Located in California’s Central Valley, the Stockton (CA) Fire Department protects a city of 310,000 with a force of 190 firefighters. The SFD has been using Lexipol’s EVALS mobile skills assessment solution since 2015.
Training recruits to become firefighters produces a lot of records, all of which may be needed for future reference. Without a system for electronically managing all this paper, it can quickly become cumbersome, potentially leading to legal issues down the road.

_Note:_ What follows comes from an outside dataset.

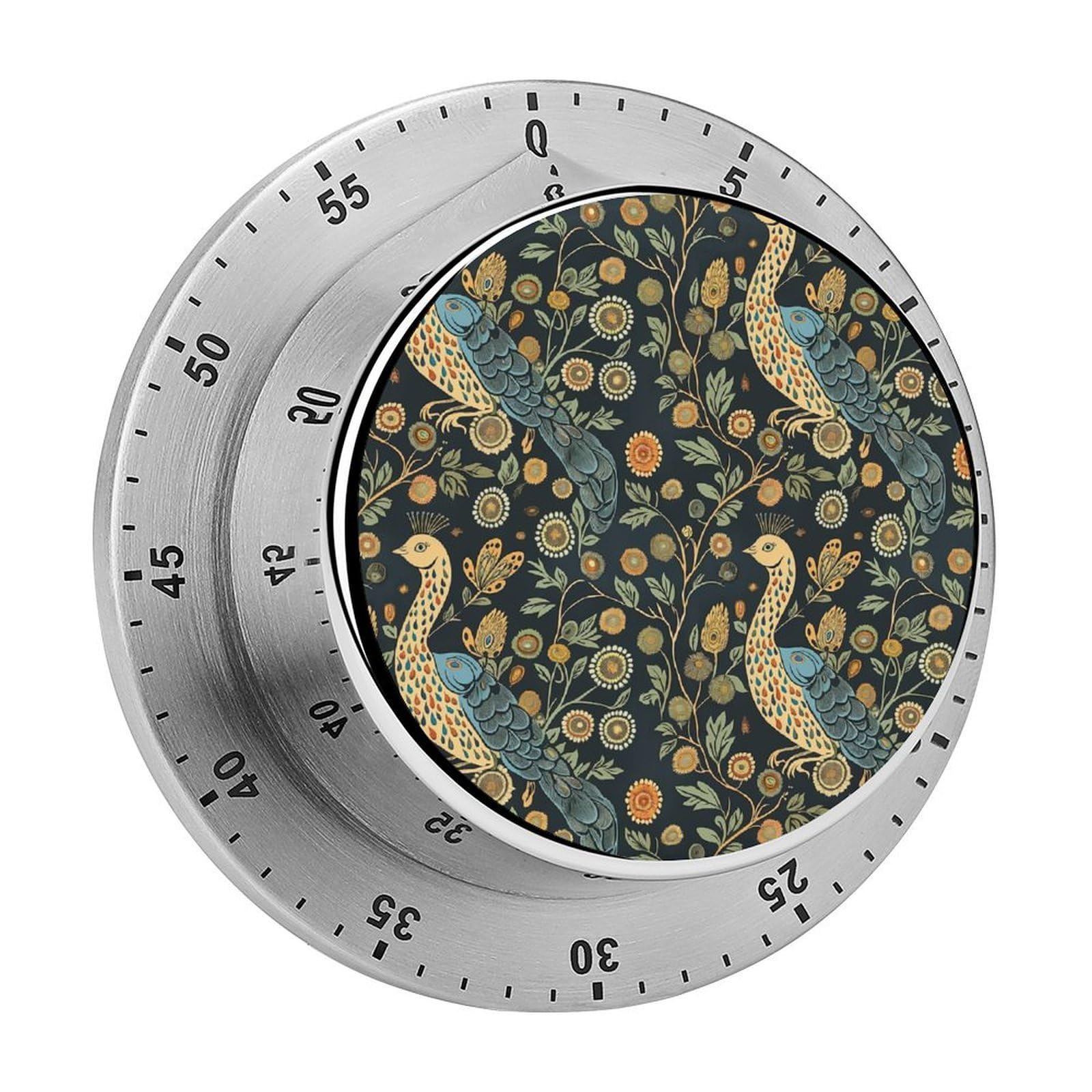 Feathers Peacock Kitchen Timer Magnetic Countdown Countup Timer for Cooking Baking 8x8cm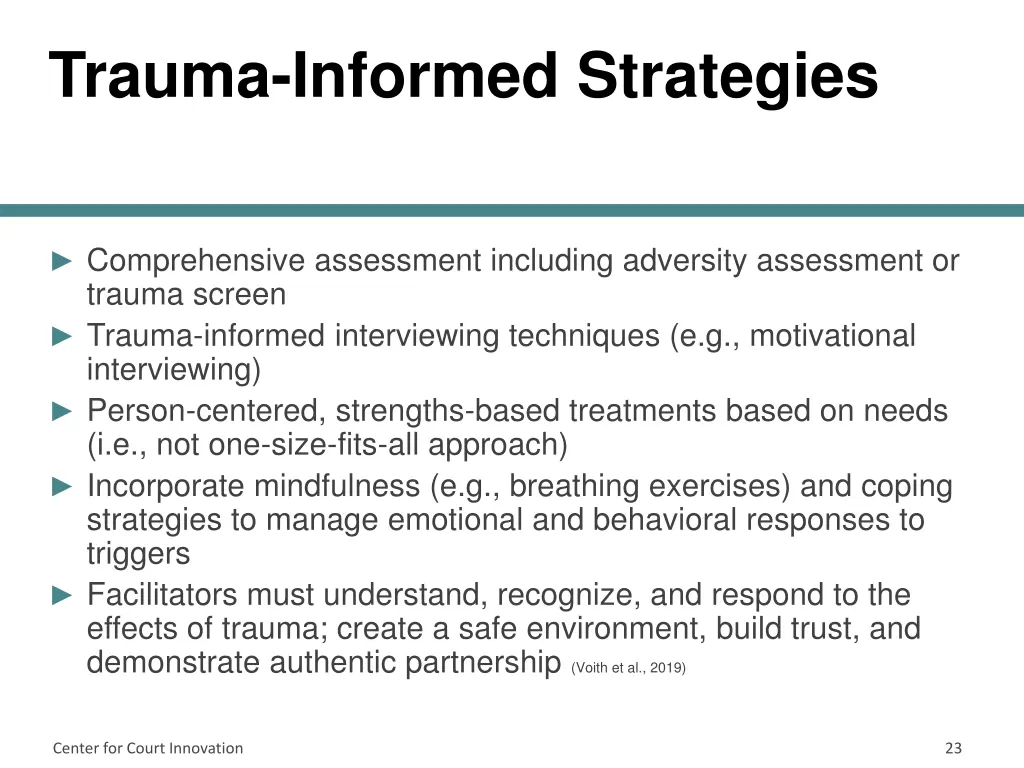 trauma informed strategies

This was the situation in which Division Chief Ken Johnson found himself in 2015. The Stockton Fire Department runs a large recruit academy, training firefighters for several neighboring cities. “All our training documentation was done on paper,” Chief Johnson says. “We would scan the records to PDF, but they were difficult to manage and retrieve. We needed a secure way to keep records and validate credentials.”
Another big challenge the SFD faced: lowering academy attrition rates. “It costs a lot of money just to get recruits into the academy,” Chief Johnson says. “If they leave halfway through, you’ve lost that investment.”

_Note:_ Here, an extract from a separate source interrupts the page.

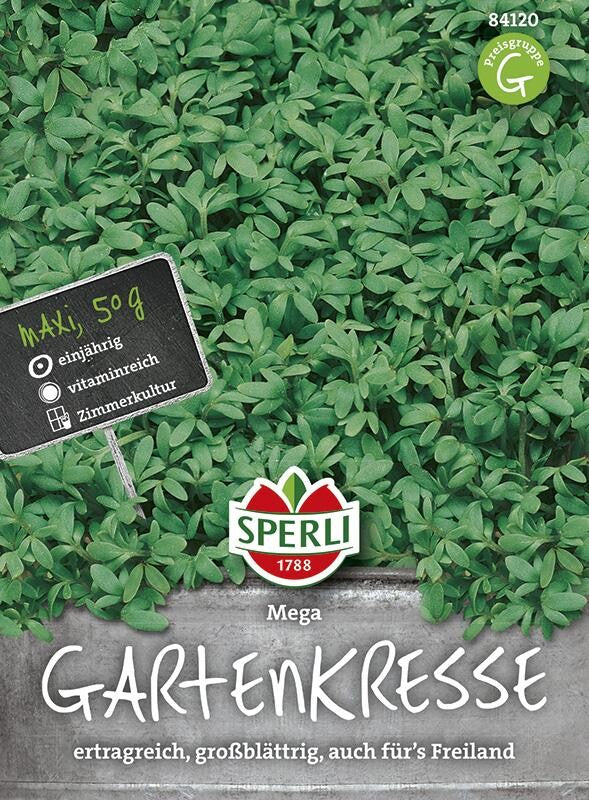  Gartenkresse Mega, MaxiPack 50 G, Gartenkresse, Vitaminreiche Gewürzpflanze, Milder Geschmack Maxi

Chief Johnson’s first interest in the EVALS mobile skills assessment solution was around records management—EVALS provides a secure, cloud-based system to deliver training and store documentation. But other EVALS features quickly became indispensable.
“We realized a big benefit as far as transparency,” Chief Johnson says. “We train firefighters from other cities as well, and I can give those instructors access to their firefighters’ records, so they can see the firefighters’ progress.”
EVALS also allowed SFD instructors to embrace the concept of flipping the classroom. “We’re hiring millennials and Gen Z, and the way they learn in high school and college involves a lot of online and video-based learning,” Chief Johnson says. “Using EVALS, we preload the student with information prior to instruction. They can review documents, and watch videos of previous recruits drilling on evolutions. So they know what to expect before they even get here. The message board feature has also proven useful. “I use the message board almost every day to warn students about adverse conditions such as high heat or high winds or even flu season,” Chief Johnson says. “Anything we can do to reduce injuries or illness in the academy is important. And I have a record to show we’re doing everything we can do to keep recruits safe.”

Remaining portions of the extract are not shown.